▸ ACTIVITY
How do the lines read from the one holding "VOLKSWAGEN - POLO" through the last line of the listing? Set them down exactly, pictures omitted.

+++ SUPPLIED MATERIAL +++

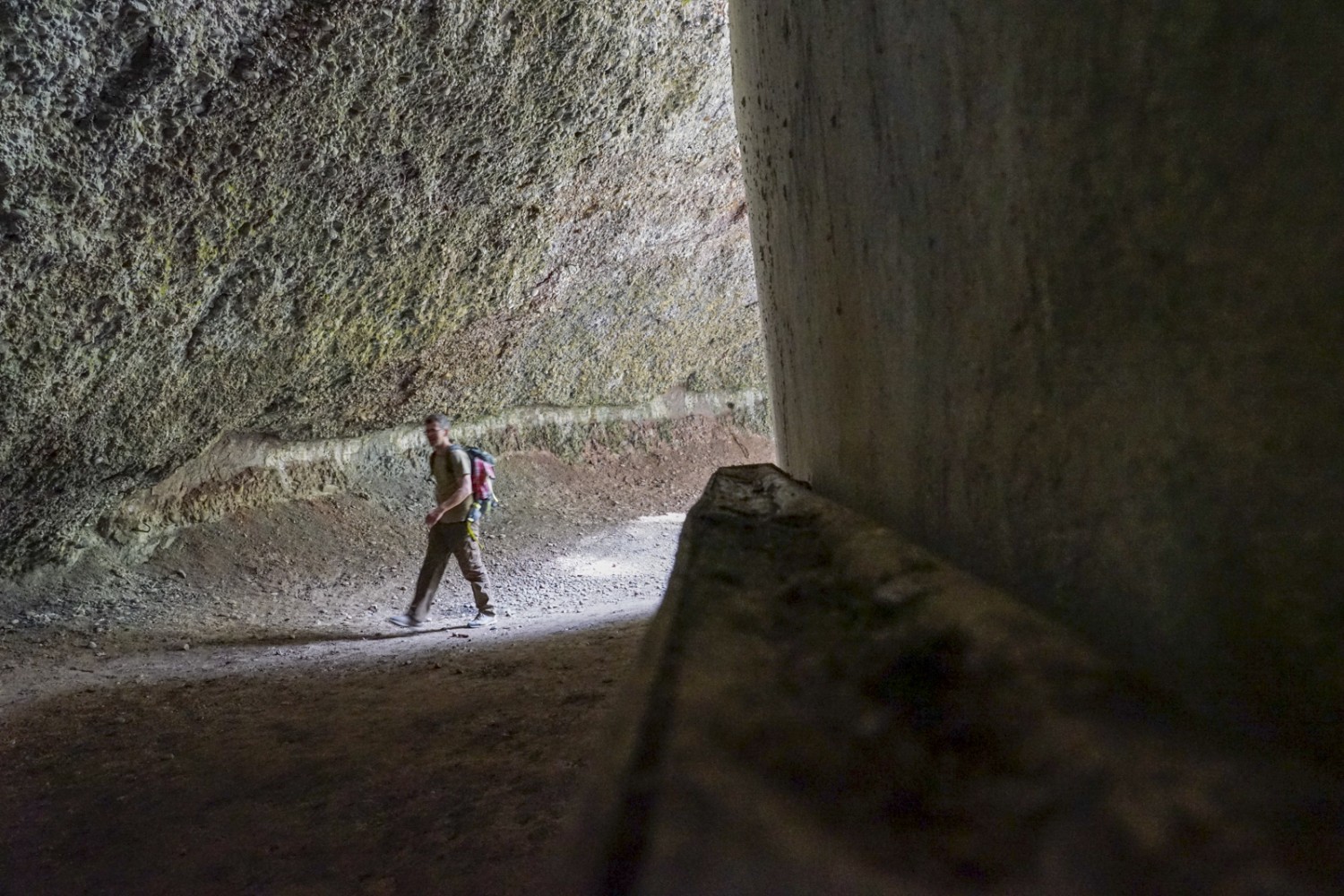 Les gorges du Wissbach sont souvent étroites et sombres. Photo: Reto Wissmann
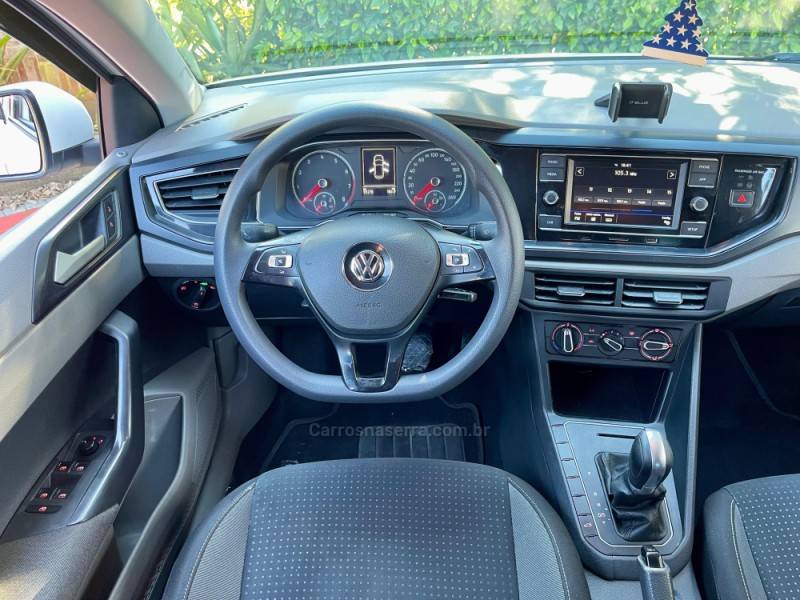 VOLKSWAGEN - POLO - 2018/2019 - Branca - R$ 74.900,00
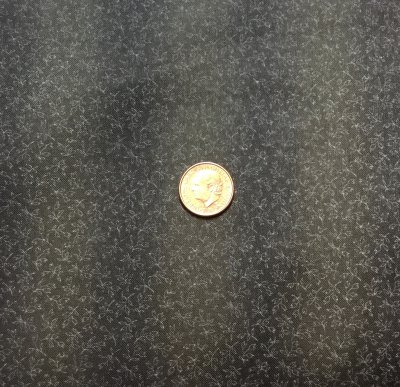 Svartbrunt tyg med grått mönster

+++

▸ RESPONSE TO THE EXERCISE
 VOLKSWAGEN - POLO - 2018/2019 - Branca - R$ 74.900,00
 Svartbrunt tyg med grått mönster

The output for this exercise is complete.